> **WORK INSTRUCTION**
Beginning with the line that contains "Style Project Проходной" and ending with the line that contains "usata Renault Mégane", reproduce the lines of the entries below exactly, omitting pictures.

> **RECORDS SHOWN**
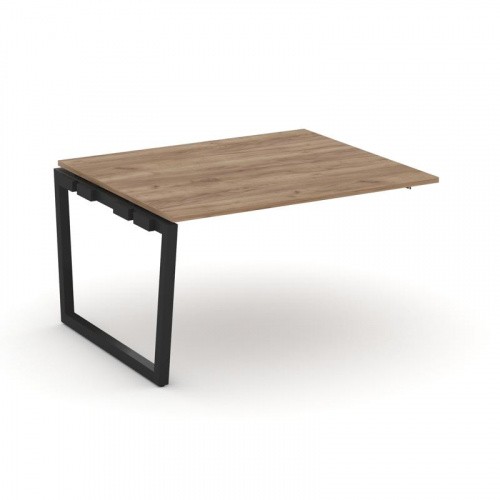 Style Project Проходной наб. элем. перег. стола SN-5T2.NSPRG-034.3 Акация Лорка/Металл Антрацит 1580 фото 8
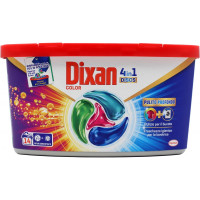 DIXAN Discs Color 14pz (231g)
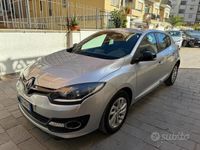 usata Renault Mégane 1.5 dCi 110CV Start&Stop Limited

...

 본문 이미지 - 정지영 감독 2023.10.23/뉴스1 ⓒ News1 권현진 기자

> **SOLUTION TO THIS PROBLEM**
 Style Project Проходной наб. элем. перег. стола SN-5T2.NSPRG-034.3 Акация Лорка/Металл Антрацит 1580 фото 8
 DIXAN Discs Color 14pz (231g)
 usata Renault Mégane 1.5 dCi 110CV Start&Stop Limited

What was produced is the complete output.